CLAUDIO SANCHEZ: The poor, working-class Mexican neighborhood where I was born isn't far from the 12-foot high fence that separates Nogales, Arizona from Nogales Sonora, Mexico. The dusty streets of Colonia Ingenieros seem more narrow now, with dozens of homes still perched miraculously on a rocky hillside.

Ilegales, men and women from all parts of Mexico, would come through here when I was a child. They'd knock on our door to ask for food and water on their trek north before vanishing into the nearby hills and gullies that people now call Cocaine Alley.

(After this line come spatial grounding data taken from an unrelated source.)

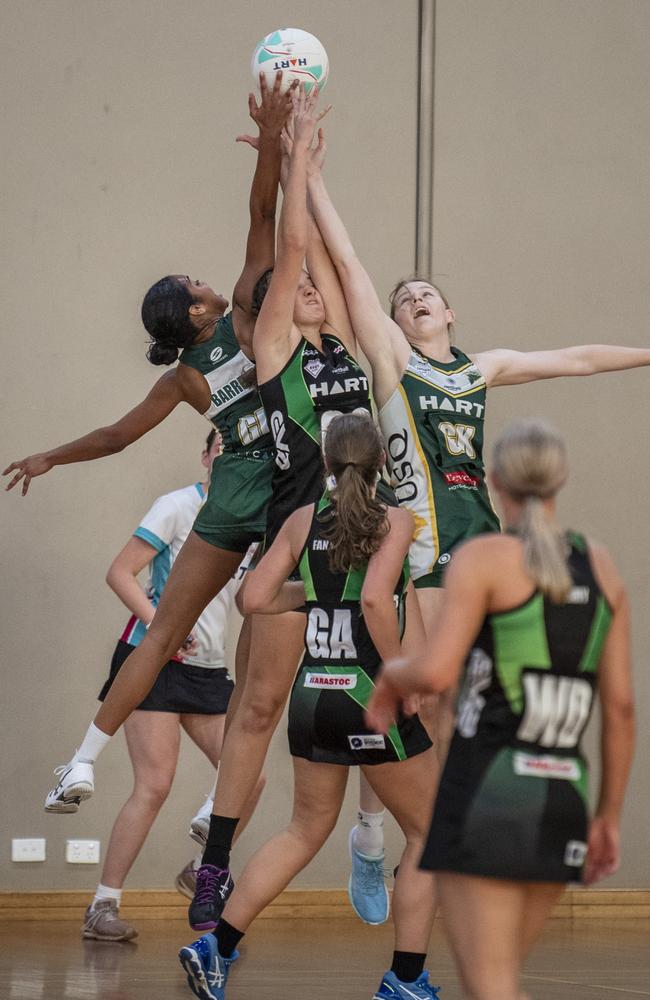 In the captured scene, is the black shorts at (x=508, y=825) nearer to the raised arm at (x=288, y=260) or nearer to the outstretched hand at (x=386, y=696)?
the outstretched hand at (x=386, y=696)

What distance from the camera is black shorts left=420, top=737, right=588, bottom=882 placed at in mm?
2256

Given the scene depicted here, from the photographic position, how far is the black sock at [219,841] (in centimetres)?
422

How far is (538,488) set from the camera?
2.35 m

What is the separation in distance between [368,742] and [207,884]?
0.98 m

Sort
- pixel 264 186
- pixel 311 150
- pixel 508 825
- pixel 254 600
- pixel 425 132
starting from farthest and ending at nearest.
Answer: pixel 425 132 → pixel 311 150 → pixel 264 186 → pixel 254 600 → pixel 508 825

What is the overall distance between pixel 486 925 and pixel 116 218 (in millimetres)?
5050

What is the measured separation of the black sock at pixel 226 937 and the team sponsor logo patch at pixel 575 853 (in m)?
1.62

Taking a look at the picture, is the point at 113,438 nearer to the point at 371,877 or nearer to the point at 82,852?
the point at 371,877

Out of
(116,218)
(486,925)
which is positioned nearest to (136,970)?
(486,925)

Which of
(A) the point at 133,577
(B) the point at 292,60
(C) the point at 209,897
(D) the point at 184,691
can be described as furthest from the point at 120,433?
(C) the point at 209,897

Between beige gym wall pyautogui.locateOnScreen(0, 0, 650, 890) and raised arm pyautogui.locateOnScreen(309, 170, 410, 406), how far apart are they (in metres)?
2.40

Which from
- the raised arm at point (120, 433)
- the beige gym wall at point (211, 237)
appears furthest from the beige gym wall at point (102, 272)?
the raised arm at point (120, 433)

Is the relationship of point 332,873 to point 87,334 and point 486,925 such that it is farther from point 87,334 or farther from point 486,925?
point 486,925

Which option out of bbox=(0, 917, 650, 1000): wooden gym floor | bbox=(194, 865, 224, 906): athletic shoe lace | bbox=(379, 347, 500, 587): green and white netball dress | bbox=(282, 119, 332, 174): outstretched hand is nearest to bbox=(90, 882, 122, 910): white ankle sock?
bbox=(0, 917, 650, 1000): wooden gym floor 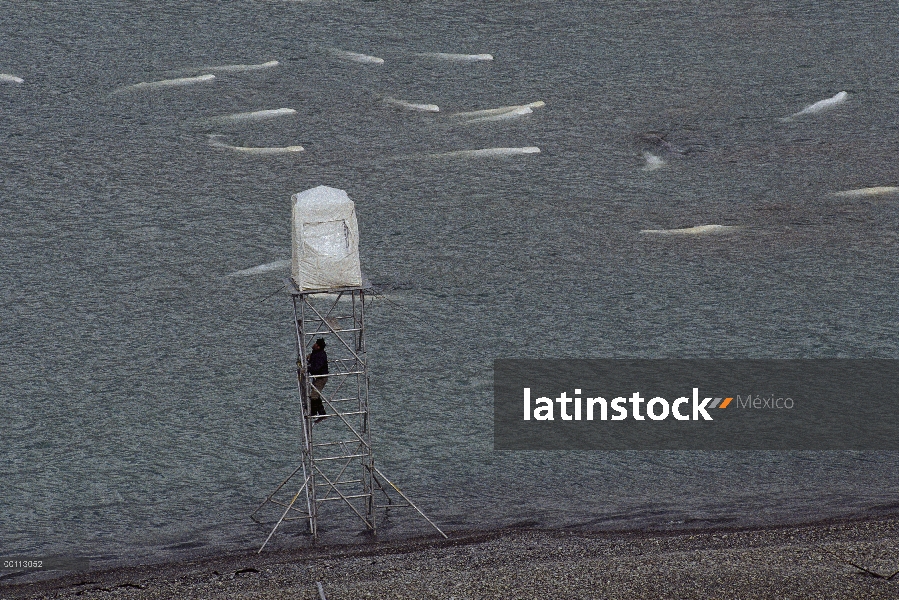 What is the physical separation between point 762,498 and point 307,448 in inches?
346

Today, no one dares open their doors, let alone help these people. Fear trumps charity. When I was a kid though, my friends and I would venture, unafraid, into the desert hills with wads of flour tortillas in our pockets that we could trade for a story or two about where these illegals were headed Phoenix, Los Angeles, Chicago, Kansas City places I knew nothing about, though I imagined them to be beautiful, florescent cities.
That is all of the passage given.